Caleb and Haya had named their six-month-old Annabelle but Caleb had been referring to her as AB since the second week of her life.

“Well”—Caleb raised his glass—“cheers.”

She met his glass with her own. “To dodging pneumonia.”

“We hope,” he said.

They drank.

“How’s Haya?”

“She’s good.” Caleb nodded. “Real good. Loves being a mom.”

“How’s her English coming?”

“She watches a ton of TV. It really helps. You can have a solid conversation with her now if you have a little patience. She’s very . . . deliberate about choosing her words.”

Caleb had returned from a trip to Japan with Haya. He spoke halting Japanese; she spoke barely any English. They were married within three months. Brian didn’t like it. Caleb wasn’t the settling-down type, he’d say. And what were they going to talk about over the dinner table?

Rachel had to admit that it colored her opinion of Caleb when he introduced her to the luminous, mostly mute, subservient woman with the kind of face and body that could launch a thousand wet dreams. What else had bound him to her, if not that and that alone? And was the master-servant vibe she got when she saw them together an outgrowth of some hidden he-man fantasy he’d always secretly pursued? Or was Rachel just being bitchy because it hadn’t escaped her notice that while Caleb had married a woman who didn’t speak English, his partner Brian had married a shut-in?

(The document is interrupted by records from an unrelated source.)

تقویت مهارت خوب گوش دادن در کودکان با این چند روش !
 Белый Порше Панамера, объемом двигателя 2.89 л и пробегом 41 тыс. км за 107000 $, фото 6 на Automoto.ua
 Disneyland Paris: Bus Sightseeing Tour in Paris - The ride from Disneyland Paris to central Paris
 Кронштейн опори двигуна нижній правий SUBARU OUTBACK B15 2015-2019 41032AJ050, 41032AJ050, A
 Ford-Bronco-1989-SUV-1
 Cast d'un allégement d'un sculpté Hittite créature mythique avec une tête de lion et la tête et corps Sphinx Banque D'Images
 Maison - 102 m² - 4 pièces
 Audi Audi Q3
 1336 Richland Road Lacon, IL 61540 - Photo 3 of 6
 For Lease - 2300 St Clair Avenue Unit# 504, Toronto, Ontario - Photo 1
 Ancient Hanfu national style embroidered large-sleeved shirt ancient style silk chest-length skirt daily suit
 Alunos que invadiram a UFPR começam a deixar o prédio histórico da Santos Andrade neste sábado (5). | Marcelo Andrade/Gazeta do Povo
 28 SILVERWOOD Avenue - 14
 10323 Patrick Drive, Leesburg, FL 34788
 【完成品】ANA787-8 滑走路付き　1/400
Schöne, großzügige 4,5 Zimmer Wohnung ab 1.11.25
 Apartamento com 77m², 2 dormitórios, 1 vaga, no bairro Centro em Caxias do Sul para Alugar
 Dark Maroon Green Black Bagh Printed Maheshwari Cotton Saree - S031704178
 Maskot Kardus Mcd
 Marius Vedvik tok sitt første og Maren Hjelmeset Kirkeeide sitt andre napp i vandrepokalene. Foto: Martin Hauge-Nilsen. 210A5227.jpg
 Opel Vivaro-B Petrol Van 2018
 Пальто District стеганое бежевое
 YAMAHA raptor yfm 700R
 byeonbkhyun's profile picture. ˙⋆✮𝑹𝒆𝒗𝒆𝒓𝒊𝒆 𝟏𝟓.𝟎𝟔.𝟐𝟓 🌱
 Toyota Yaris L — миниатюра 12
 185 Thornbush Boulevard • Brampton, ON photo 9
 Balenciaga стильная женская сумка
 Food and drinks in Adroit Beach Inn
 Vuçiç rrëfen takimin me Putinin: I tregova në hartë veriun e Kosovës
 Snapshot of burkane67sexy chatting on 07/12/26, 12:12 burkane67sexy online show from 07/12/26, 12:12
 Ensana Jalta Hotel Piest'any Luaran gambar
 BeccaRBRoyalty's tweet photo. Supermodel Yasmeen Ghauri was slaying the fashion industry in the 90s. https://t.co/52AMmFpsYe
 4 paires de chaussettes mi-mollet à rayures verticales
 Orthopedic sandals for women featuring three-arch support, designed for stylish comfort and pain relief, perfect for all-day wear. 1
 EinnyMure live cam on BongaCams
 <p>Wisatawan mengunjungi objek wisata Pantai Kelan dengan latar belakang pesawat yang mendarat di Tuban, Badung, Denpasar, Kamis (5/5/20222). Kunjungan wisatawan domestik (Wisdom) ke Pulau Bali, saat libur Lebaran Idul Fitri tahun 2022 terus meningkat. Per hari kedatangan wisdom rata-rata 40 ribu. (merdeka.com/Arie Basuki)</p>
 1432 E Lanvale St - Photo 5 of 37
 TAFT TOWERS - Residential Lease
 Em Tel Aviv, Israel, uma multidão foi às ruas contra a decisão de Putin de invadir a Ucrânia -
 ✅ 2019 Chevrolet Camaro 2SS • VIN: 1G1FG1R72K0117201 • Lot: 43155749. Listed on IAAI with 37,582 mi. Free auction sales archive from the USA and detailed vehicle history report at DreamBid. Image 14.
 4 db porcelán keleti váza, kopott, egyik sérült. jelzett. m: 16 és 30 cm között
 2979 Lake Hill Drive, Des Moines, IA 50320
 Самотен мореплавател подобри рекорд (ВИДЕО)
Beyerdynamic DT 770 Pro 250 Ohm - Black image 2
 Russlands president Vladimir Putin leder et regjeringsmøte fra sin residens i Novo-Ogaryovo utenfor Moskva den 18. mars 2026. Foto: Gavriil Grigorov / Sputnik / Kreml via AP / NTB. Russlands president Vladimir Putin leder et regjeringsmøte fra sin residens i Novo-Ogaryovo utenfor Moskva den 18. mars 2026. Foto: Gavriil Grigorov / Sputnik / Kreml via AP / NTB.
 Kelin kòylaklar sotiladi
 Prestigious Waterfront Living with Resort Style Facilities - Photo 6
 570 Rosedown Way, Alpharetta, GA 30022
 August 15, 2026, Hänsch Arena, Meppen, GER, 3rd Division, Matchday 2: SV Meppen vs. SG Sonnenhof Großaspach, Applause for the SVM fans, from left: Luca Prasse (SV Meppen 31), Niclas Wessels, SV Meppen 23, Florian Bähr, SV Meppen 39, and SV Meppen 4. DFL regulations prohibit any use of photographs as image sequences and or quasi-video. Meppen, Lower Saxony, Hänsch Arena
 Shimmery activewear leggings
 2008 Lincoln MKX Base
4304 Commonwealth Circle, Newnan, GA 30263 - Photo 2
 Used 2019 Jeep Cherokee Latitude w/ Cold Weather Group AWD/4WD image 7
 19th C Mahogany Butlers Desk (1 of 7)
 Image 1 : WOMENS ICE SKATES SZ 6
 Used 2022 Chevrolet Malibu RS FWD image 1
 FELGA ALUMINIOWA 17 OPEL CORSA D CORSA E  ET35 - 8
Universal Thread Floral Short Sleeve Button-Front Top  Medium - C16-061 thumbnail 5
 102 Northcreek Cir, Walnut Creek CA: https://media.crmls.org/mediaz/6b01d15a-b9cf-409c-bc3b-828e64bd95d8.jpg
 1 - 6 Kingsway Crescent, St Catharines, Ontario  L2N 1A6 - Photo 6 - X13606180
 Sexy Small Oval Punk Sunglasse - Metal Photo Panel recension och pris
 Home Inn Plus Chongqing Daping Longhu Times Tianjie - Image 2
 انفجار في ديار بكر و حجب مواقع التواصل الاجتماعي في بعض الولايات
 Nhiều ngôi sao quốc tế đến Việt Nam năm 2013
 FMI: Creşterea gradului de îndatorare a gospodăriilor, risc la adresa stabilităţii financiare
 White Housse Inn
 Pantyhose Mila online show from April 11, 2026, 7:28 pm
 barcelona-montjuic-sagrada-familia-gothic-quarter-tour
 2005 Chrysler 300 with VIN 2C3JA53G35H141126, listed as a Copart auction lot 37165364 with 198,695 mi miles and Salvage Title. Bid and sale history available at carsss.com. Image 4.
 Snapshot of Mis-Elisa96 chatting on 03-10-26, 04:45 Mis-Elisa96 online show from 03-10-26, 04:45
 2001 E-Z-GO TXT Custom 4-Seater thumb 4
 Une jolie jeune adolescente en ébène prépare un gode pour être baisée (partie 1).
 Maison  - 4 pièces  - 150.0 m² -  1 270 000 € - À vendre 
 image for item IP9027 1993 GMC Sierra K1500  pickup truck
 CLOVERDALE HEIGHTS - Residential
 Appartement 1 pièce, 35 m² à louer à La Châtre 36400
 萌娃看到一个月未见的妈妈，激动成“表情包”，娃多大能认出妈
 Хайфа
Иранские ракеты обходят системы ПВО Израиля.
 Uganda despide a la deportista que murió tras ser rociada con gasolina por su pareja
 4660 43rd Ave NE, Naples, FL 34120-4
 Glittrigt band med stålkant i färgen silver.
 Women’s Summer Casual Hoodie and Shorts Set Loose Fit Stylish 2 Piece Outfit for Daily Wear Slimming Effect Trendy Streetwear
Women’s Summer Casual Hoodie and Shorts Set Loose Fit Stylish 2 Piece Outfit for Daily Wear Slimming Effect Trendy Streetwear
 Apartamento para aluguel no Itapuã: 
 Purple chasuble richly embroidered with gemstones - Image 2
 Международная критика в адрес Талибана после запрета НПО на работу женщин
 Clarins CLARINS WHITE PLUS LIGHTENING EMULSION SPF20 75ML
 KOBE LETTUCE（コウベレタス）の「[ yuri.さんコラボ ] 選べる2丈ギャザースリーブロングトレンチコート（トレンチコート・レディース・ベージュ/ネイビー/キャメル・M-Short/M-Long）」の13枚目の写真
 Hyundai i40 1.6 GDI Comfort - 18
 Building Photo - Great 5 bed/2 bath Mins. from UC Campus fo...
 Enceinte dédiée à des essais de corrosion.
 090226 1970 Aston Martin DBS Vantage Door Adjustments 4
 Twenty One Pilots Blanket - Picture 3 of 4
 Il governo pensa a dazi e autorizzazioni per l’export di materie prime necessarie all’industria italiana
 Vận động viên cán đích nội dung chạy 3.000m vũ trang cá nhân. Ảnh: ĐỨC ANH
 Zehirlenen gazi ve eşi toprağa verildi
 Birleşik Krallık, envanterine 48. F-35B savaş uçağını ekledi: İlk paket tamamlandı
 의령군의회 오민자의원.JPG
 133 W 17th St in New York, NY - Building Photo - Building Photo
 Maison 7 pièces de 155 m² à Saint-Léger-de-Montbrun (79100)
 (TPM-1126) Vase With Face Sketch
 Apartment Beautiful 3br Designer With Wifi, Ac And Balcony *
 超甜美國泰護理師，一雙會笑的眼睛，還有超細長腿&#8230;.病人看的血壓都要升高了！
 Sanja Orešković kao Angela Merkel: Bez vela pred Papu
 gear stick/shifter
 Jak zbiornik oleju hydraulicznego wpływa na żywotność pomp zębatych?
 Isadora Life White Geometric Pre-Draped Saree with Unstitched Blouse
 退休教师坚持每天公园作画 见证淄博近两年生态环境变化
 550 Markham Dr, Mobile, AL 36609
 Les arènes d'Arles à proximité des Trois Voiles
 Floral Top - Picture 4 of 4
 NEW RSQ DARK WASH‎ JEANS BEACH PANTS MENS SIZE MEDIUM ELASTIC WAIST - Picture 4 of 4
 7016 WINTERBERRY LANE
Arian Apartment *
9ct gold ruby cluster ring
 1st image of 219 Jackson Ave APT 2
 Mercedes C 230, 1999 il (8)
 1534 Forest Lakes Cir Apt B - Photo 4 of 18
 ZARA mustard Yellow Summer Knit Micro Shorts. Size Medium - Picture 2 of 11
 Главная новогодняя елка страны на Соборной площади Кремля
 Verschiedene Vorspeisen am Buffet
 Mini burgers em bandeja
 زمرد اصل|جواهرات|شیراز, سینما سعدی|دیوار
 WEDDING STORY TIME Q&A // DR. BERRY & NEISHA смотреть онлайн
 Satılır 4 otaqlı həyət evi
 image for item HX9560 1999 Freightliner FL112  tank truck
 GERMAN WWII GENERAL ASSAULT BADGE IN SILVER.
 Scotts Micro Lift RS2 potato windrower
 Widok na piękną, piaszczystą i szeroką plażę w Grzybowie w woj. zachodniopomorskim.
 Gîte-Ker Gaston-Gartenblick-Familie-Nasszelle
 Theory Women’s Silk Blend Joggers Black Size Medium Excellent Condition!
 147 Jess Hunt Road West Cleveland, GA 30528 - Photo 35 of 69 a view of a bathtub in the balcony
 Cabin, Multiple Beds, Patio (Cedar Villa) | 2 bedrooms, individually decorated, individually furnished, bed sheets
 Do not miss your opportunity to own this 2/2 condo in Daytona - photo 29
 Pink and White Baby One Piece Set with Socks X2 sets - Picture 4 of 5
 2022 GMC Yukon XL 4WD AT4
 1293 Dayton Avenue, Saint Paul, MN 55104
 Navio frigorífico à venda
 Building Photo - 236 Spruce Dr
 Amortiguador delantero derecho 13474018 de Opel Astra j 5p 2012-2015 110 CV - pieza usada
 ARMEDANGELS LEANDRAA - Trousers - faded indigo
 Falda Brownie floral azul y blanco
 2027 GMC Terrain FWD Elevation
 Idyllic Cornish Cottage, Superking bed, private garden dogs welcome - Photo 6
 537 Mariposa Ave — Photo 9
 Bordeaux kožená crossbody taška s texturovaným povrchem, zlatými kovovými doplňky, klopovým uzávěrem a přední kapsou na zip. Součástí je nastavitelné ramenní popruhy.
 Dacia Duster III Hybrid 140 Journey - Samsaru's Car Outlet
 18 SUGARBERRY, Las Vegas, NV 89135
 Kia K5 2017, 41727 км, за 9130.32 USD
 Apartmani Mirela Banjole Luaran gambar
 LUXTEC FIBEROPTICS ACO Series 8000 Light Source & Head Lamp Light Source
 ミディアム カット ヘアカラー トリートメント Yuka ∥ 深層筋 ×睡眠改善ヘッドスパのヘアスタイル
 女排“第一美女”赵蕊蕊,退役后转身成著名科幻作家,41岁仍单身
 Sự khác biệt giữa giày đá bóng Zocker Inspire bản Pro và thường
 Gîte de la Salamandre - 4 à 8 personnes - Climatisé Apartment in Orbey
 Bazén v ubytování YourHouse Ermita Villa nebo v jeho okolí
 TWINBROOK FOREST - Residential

When she brought that up to Brian, he said, “It’s different with us.”

“How?”

“You’re not a shut-in.”

“I beg to differ.”

“You’re just going through a phase. You’ll rebound. But him? Having a kid? The fuck’s that all about? He is a kid.”

“Why’s it bother you so much?”

“It doesn’t bother me ‘so much,’” he said. “It’s just not the right time in his life.”

“How did they meet?” she said.

“You know the story. He went to Japan on a deal and came back with her. Didn’t come back with the deal, by the way. He got undercut by some—”

“But how does he just ‘come back’ with a Japanese citizen? I mean, there are immigration laws designed to keep people from just popping into our country and deciding to stay.”